**DATA SHOWN:**
--- START ---
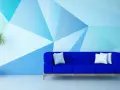 Nowoczesny salon z niebieską kanapą i geometrycznymi wzorami na ścianie malowanymi farbą.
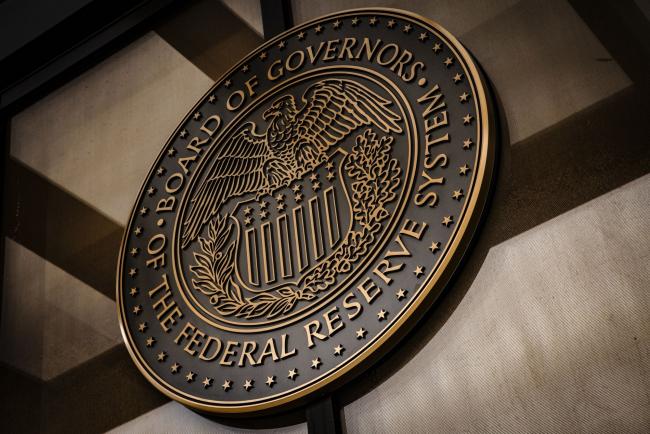 © Bloomberg. The seal of the U.S. Federal Reserve Board of Governors across the street from the Marriner S. Eccles Federal Reserve building in Washington, D.C., U.S., on Sunday, Dec. 19, 2021. The Federal Reserve chair has tempered his ambition to restore the labor market to its pre-pandemic strength, as the central bank confronts surging inflation and a workforce still constrained by Covid-19. Photographer: Samuel Corum/Bloomberg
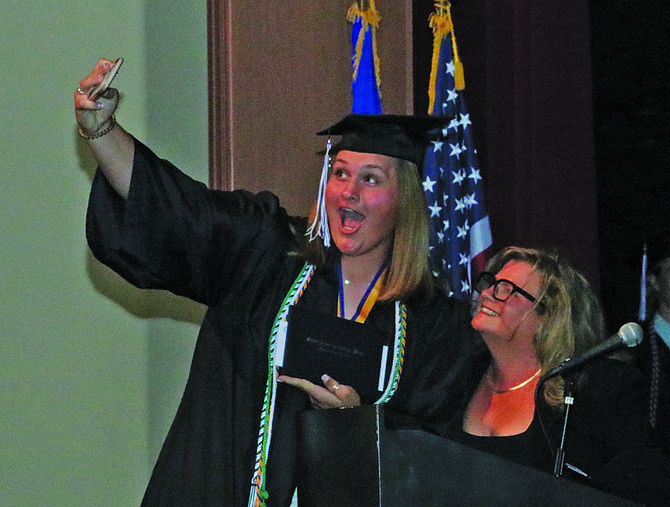 Stacie Bogdanowicz takes a selfie with Rochelle Tisdale, Oasis Academy College Prep’s chief academic officer, at last week’s graduation.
--- END ---
**TASK TO CARRY OUT:** Copy the data word for word. Pictures do not go in the copy.

**EXPECTED ANSWER:**
 Nowoczesny salon z niebieską kanapą i geometrycznymi wzorami na ścianie malowanymi farbą.
 © Bloomberg. The seal of the U.S. Federal Reserve Board of Governors across the street from the Marriner S. Eccles Federal Reserve building in Washington, D.C., U.S., on Sunday, Dec. 19, 2021. The Federal Reserve chair has tempered his ambition to restore the labor market to its pre-pandemic strength, as the central bank confronts surging inflation and a workforce still constrained by Covid-19. Photographer: Samuel Corum/Bloomberg
 Stacie Bogdanowicz takes a selfie with Rochelle Tisdale, Oasis Academy College Prep’s chief academic officer, at last week’s graduation.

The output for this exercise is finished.